Cumartesi, Eylül 29, 2007

lakırdı

bir varmış bir yokmuş,
öyle varlığına bel bağlamayın ha bir baktınız yok olmuş, ama olmadığına da öylesi bir bel bağlamaya gelmez. zamanın birinde biri ilk sözcüğü söylemiş, sonra sonrasından emin değiliz, sözcük mü varetti olanı biteni, olan biten mi sözcükleri kimbilir. fakat bunlarla mı ilgilenmeliyiz? olup olmadığından tam olarak emin olmadığımız bir hikaye başlamış gitmiş. ve bir varıp bir gittiği o zaman diliminden kimilerinin zihninin bir köşesine ilişmiş, kah erkenden yatağa yerleştirilip daha çok uyku daha az hayatla ilişkili çocukların son göz aralığında kendine bir sahne bulmuş, ebeveynlerin dilinden dökülmüş. bir yer ki, renklerden bahsetmek mavi derken kırmızıyı, kırmızı derken siyahı mor derken van dyck kahverengisini gözler önüne getirebilirken, yukarısı derken aşağısını, aşağısı derken yan tarafı kast edebilirmiş. sahnesini ancak uyku öncesi aralanmış göz kapaklarında bulan bir yerden daha fazlasını beklemek tuhaflık olurdu zira.
garip tanışıklıklara sebep olduğu olurmuş:

-merhaba, yüz yıllık uykumdan uyandığımda karşımda görmek isteyeceğim ilk yüz değildiniz fakat madem karşımdasınız merhabalar size. en son hoşçakal denmişti bana.
-merhaba merhaba size de, üzgünüm beklentinizi karşılayamamaktan, fakat uyanacağınız haberi yıllardır dolaşıyor bu kentte, ilk gördüğünüz şey bir düş meyvesi olsun isterdim tatlı, sulu ve besleyici fakat bunu size ulaştırmak için burada bulunmalıydım.
- kabalığımı hoşgörün öyleyse, bir duvar görmediğim için duyacağım sevinci ertelemiş olmalıyım.
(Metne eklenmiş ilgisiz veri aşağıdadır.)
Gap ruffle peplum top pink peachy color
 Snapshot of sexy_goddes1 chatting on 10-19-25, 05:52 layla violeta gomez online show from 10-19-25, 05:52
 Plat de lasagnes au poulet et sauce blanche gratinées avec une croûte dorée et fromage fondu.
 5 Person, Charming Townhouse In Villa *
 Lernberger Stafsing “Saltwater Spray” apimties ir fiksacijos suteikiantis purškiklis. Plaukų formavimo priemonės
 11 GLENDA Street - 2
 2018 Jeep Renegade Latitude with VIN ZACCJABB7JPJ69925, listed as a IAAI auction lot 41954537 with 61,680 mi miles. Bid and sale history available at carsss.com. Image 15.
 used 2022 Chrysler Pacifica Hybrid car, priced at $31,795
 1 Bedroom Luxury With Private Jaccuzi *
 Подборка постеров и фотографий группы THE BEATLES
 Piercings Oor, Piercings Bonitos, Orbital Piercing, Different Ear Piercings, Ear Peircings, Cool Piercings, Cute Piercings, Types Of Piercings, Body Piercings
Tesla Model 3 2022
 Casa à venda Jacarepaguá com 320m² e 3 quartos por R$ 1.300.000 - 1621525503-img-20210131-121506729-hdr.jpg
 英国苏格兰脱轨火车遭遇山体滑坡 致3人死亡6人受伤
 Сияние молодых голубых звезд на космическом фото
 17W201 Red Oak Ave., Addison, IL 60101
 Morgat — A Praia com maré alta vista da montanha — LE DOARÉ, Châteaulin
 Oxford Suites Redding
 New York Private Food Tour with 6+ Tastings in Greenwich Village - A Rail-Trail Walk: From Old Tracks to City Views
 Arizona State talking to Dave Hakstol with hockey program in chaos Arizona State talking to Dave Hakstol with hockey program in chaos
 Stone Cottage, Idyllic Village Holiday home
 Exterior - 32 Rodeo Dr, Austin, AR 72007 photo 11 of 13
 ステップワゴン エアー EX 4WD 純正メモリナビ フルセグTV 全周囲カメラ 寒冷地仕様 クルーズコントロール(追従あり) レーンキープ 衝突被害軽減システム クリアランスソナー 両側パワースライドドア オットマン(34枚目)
böylesi diyaloglarla karşılaşmak olasıydı bu yerin konaklayıcıları arasında. tuhaf nezaketler.

bir varsa iki kesin yoktu ve sıfır hep yakınlarda bir yerdeydi, gerçi aralarındaki anlaşmaya göre sıfır ve bir'in arası sonsuzdu lakin sonsuzluk görülebilir bir mutlu sondan daha iyisini vaadetmiyordu, olup olabileceği varılamayan bir mutsuzluk ve mutluluktan başka neydi ki?

öykümüze dönersek, dönebilecek miyiz?

Perşembe, Eylül 20, 2007

bir varmıymış yokmuymuş?

bir öykü anlatacakmışım da unutmuşum gibi, "bir varmış bir yokmuş" ... herşeyi biliyordum da hatırlamıyormuşum gibi ...

bir varmış bir yokmuş, şekeri fazla kaçmış bir kahvenin ardından uykusuzluk da yanı başında bitti bir varmış bir yokmuş ne şairane bir başlangıç, bir çocuğa söylenecek şey mi? "öyle güvenme her şeye varsa bile yok olucak".
bir varmış bir yokmuş uzak bir ülkede ne koysan bıraktığın yerde bulurmuşsun, şeytan hiç alıp götürmez dolayısıyla geri de getirmezmiş, şeytanla alışverişin olmadığı onun da kendi halinde takıldığı bir memleket imiş bu ülke. ama varmıymış yoksa yokmuymuş hep bir muamma, kaldı ki kendi vatandaşları dahi yaşayıp durdukları, suyunu içip ağaç gölgelerinden faydalandıkları bu memleketin varlığından ara ara kuşku duyar "lan yoksa!" diye kısa süreli bi panik yaşarlarmış. gerçi bu paniklerini yatıştıracak ya da "hah tamam varmış, boş yere kuşkuya düştüm" demelerine sebep vericek herhangi bir kanıt, ya da düşünme biçimi bulduklarından değil, şüphelerin ardı sıra gelen sakinlik hali tamamen kendiliğinden ve bir kaç saniyenin daha geçmesinden mütevellit gerçekleşirmiş.

konuyla ilgili sorular:
sizce bu ülke nerdeymiş?
sizce ne kadar uzaktaymış?
vatandaşı olmak istermisiniz istemez misiniz?